# Alternative to ZP?



## lulu'smom (Jan 4, 2012)

I came across this food that has both air dried and freeze dried food I wanted to see what everyone else thought about it. 

The company has been in existence since 2003 with no recalls. The meat sources are free range, grass fed and nothing sourced from China. It is slightly less expensive than ZP. They also have chicken and beef in addition to lamb. I liked the fact that they use selenium yeast instead of sodium selenite--check out dog food advisor, and you will see that this is a very good thing (for lack of a better word) for a dog food company to do in the making of their food. Their freeze dried food has green lipped mussel and manuka honey (the air dried doesn't).

Also, they have cat food and treats, Christie!!
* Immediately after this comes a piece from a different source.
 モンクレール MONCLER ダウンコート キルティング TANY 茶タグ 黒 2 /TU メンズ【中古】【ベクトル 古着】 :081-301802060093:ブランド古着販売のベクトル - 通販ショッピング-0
Look at it and tell me what ya"ll think!

Real Meat Pet Food


----------



## woodard2009 (Aug 4, 2010)

One of the main ingrediants is Barley grass. On Midgie's blood test, that was one of the things she is allergic too. Never heard it listed as Barley "grass", so not sure if it's the same thing as just Barley. Do you think Lulu might have an intolerance to Barley? Other than that, it looks good. It'd be nice if they had Venison tho.

I really like their pledges about the never having a recall and free range.


----------



## lulu'smom (Jan 4, 2012)

Yeah, that's why I posted to get everyone to look. I knew I would miss something! lol I have looked at so much food for so long it all runs together!! It looks like the barley grass is in the air dried but not the freeze dried, plus I like the ingredients in the freeze dried better if I was going to use this food anyway.

There are commercial raw diets available that are unbelievable, but the cost is also unbelievable!! 

I am personally happy with the NV frozen raw Lulu is on now, I just wanted to offer options to the chi ppl that might be interested in a different food that they may not know about that looked like a decent option.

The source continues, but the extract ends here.